[EXERCISE DETAILS]: Output only the lines below that start at the line containing "Gebraucht Jeep Compass" and end at the line containing "Mercedes E-Class foto 6", with both ends kept.

[RECORDED INFORMATION]:
........
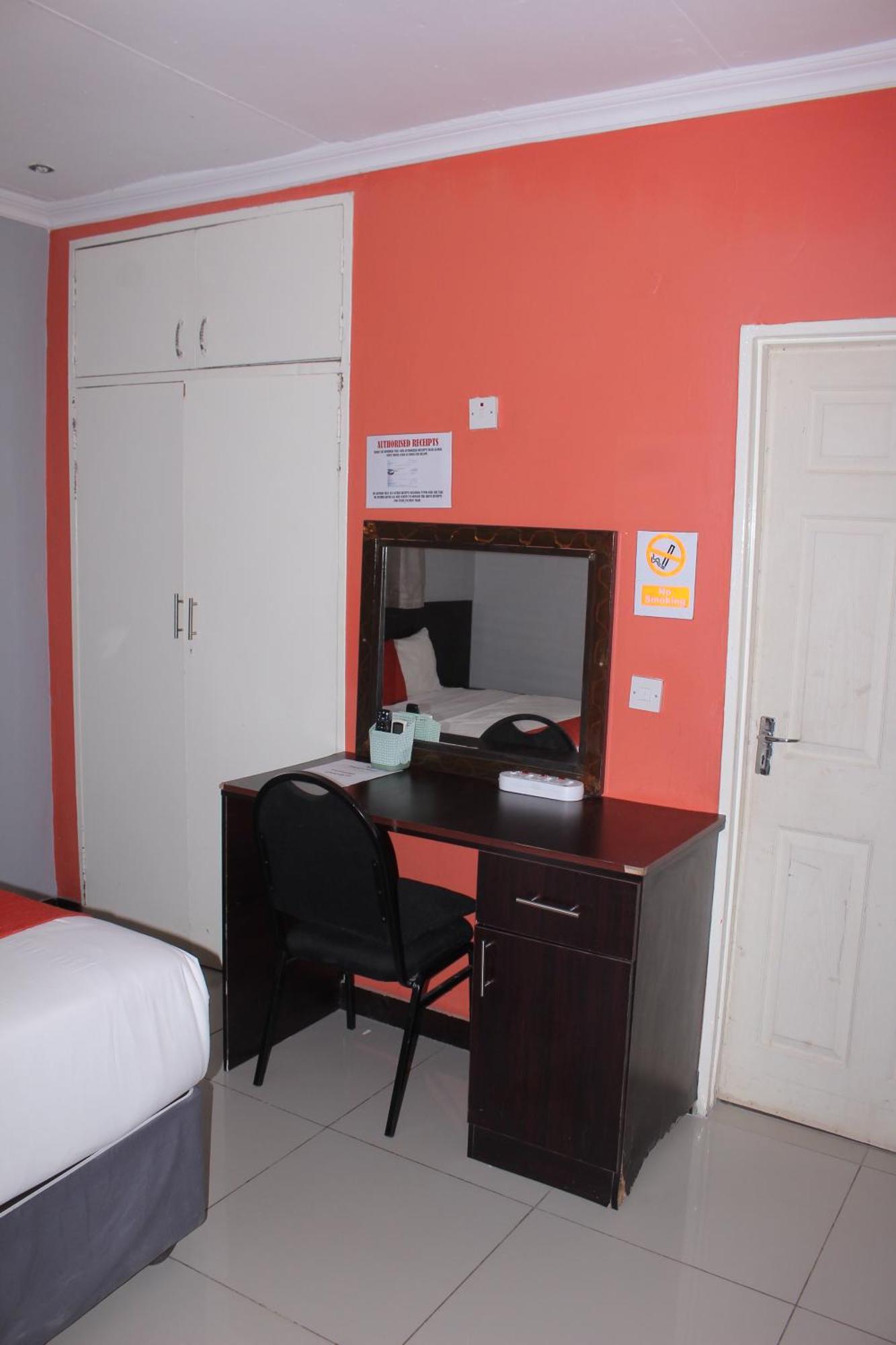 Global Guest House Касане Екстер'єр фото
........
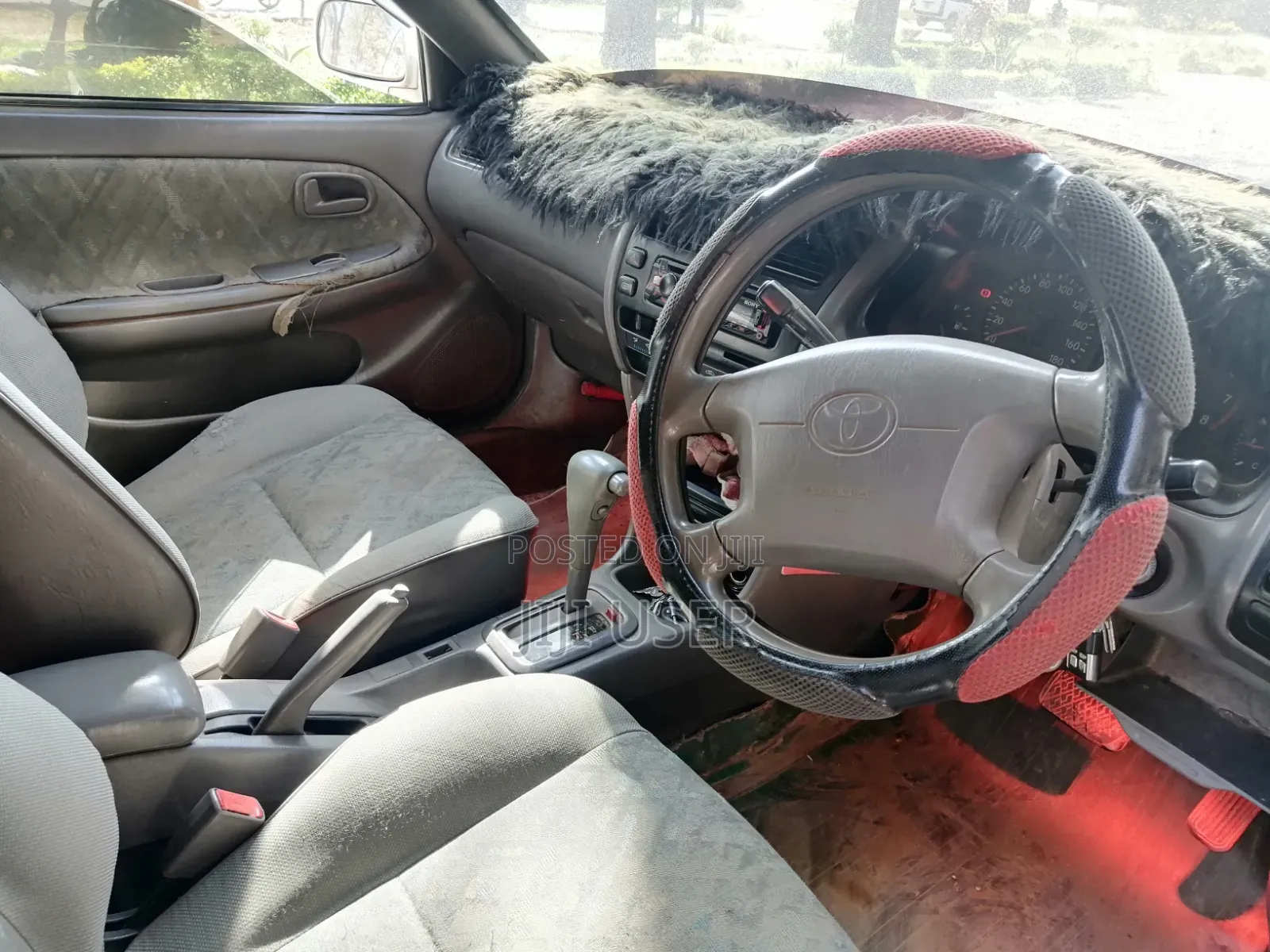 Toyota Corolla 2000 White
........
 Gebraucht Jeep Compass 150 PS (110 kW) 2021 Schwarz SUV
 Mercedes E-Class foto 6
........
[ANSWER TO THIS TASK]:
 Gebraucht Jeep Compass 150 PS (110 kW) 2021 Schwarz SUV
 Mercedes E-Class foto 6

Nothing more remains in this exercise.